Der zweite Konzertteil knüpfte musikalisch nahtlos an den ersten an, hielt aber noch eine weitere Überraschung parat. Einige Orchestermusiker nahmen vor der Bühne erwartungsvoll Aufstellung. "Wir möchten besonders talentierten Musikern die Gelegenheit geben, mit uns zu musizieren", war von Michael Eagan zu hören. Mit diesen Worten bat er einige verdutzte Besucher, darunter auch Bürgermeister Werner Müller, nach vorn. Nach einer kurzen Einweisung in die Instrumente - Tröte, Rassel, Nachtigallflöte und Triangel - konnte die gemeinsame Aufführung beginnen. Dabei zeigten die Gastmusiker bei Leopold Mozarts "Spielzeugsymphonie" eine beachtliche musikalische Begabung und wurden mit dem verdienten Applaus belohnt. Musiker und Publikum hatten an dieser besonderen Aufführung sichtlich Spaß - eine wirklich gelungene Einlage des Orchesters.
Nach mehr als zwei Stunden neigte sich das Konzert dem Ende entgegen - nicht ohne eine weitere spezielle Einlage, in der die Jugendlichen zeigten, dass sie nicht nur herausragende Orchestermusiker sind, sondern auch singen können. Bei dem mit glasklaren Stimmen vorgetragenen Spiritual mit Segenswünschen für ihre Gastgeber blieb wohl kein Besucher ungerührt.
Anerkennung für Gasteltern
"Northern Winds" ist der Name des Orchesters, doch was dann in Harbke folgte, war kein Wind, sondern ein Sturm - ein Sturm der Begeisterung. Mit stehenden Ovationen und "Zugabe"-Rufen erklatschte sich das restlos begeisterte Publikum die ersehnte Zugabe.
Abschließend dankten Müller und die Organisatoren den jungen Musikern, ihren Betreuern sowie Nadja Wefer, die auch in diesem Jahr als charmante Dolmetscherin fungierte. "Nicht zu vergessen die Sponsoren, Helfer und ganz besonders die Gasteltern", so Annett Borchers.
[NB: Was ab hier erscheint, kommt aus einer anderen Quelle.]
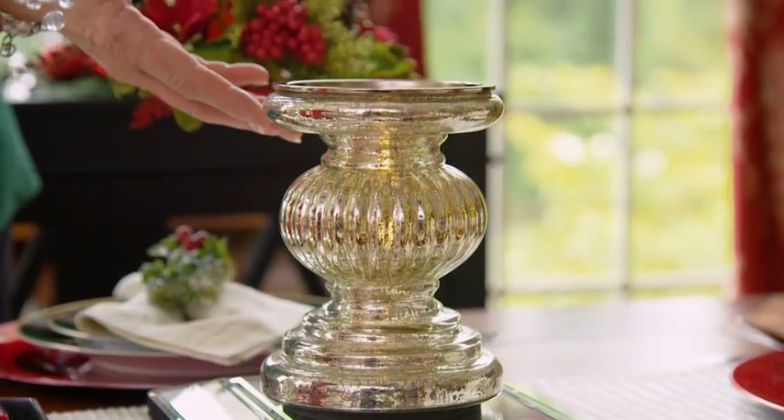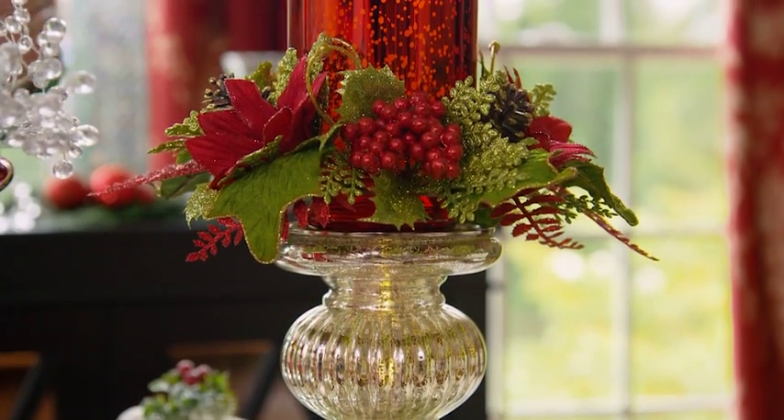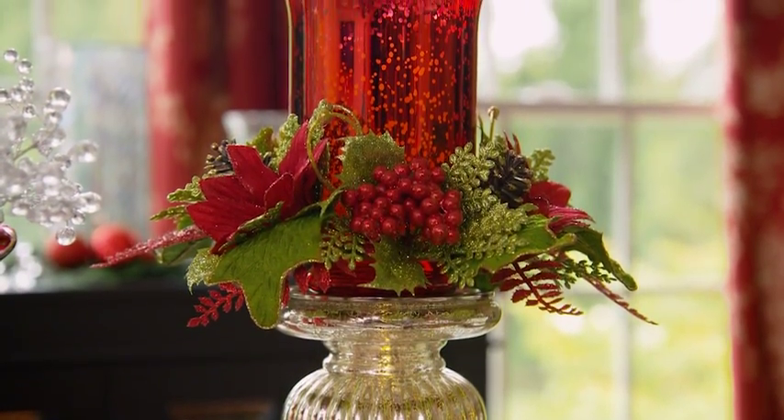Anchor each end of your table with our mercury glass pedestals and illuminated hurricanes on top. All of these elements work together so that your table sparkles and shines.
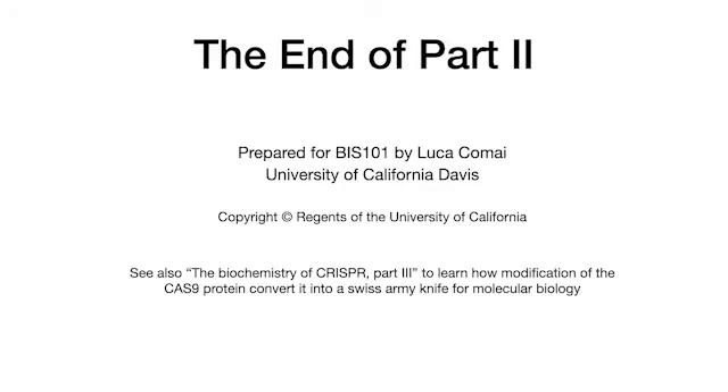This concludes the second part of CRISPR biochemistry. Make sure to look at the third part.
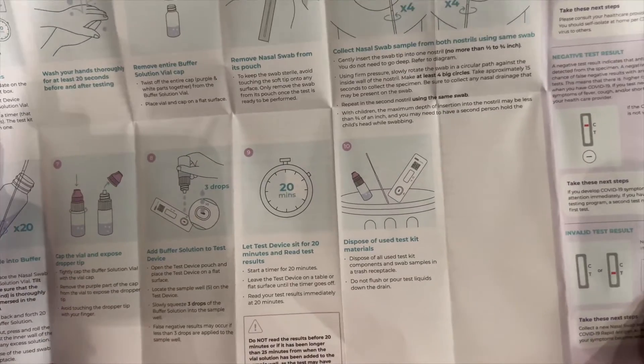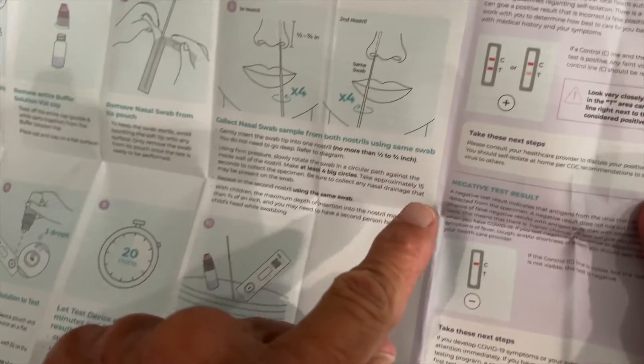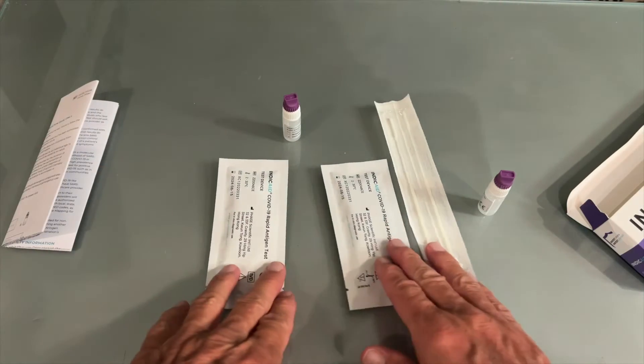You bring it over to your device, drop it in there, and within 20 minutes you look and see if you're positive or not. Two lines is positive, one line is negative — pretty simple, just like almost every single other one of these things I've done like 300 times since this nightmare started.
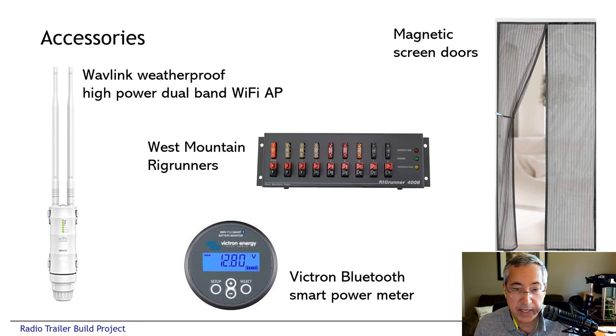Some useful accessories that were not part of the permanent installation: the Wi-Fi access point worked out really well — we use a Wavelength high-powered access point which is weatherproof. We put West Mountain rig runners bolted to the wall under each of the operating positions, running large fused cables from the battery system to the distribution panels — easy to get to the fuses right below the operating desks on the wall. We also got magnetic closing screen doors at the last minute — one for the side door and one for the double barn doors. They velcro in place and magnetically snap closed, doing a great job of keeping bugs out. Highly recommended — very inexpensive, super easy to install, and when we pack up we just pull them off the velcro mounts.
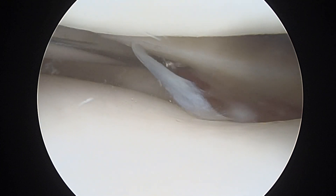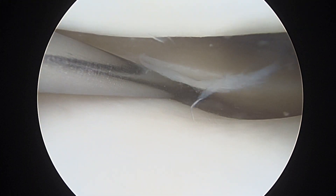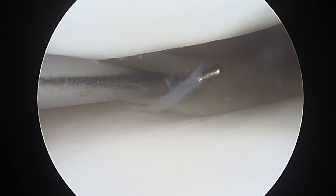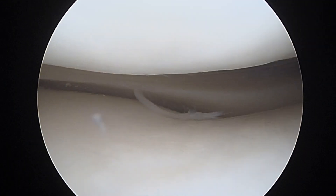A little inner rim tearing. Overall, that looks really very good. We don't need to do anything with that at all. It's absolutely fine. Let's go bend up all the way, Jeffrey. Flexion.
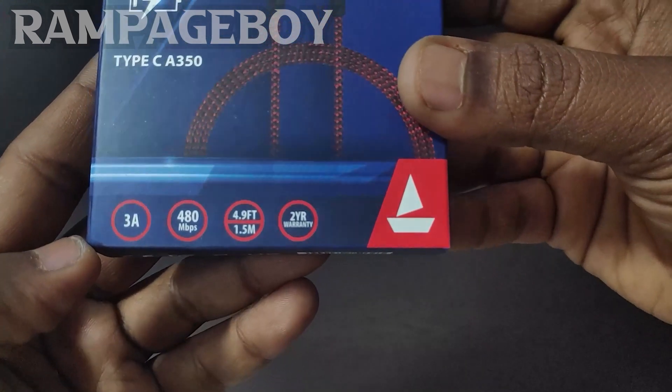On the back side, it shows the Type-C cable, which devices it works with, and compatibility information. It also has an address printed on the box.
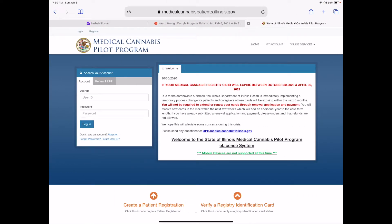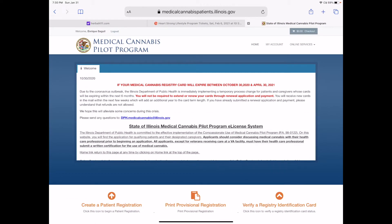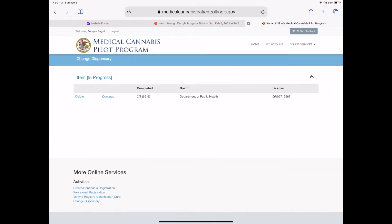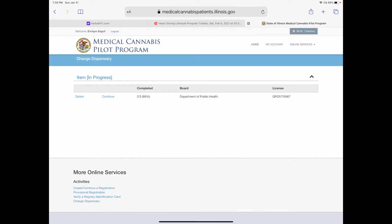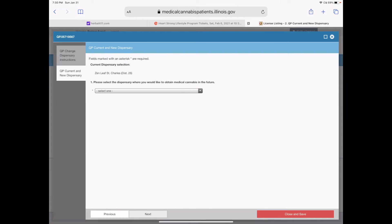This is the state's login — the MCPP login. I entered my username and password. This is the next page and if you scroll to the bottom of the page, on the left-hand side you'll see a column of four options. There is one that says 'Change Dispensary.' You click on that and this pops up. This is my license number — I've already registered as Rick Segill the patient, not Rick Segill the caregiver. I click continue and it confirms this is changing dispensary for qualifying patient only. Click next at the bottom and it confirms Zenleaf District 26 is my current dispensary, with a pull-down menu.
Einige Gasteltern seien von Anfang an dabei, haben jedesmal einen oder mehrere Schüler oder Betreuer bei sich aufgenommen. "Auch wenn wir vielleicht nicht perfekt Englisch sprechen, waren die Begegnungen doch immer eine Bereicherung", ist Borchers überzeugt und bedauert, dass es "offenbar immer schwerer wird, Gasteltern zu finden". Deshalb gab es für die Familien in diesem feierlichen Rahmen auch ein Diplom als besondere Wertschätzung ihres Engagements. Und ein sechstes Mal werde es wohl trotzdem geben, stellte Borchers bereits in Aussicht.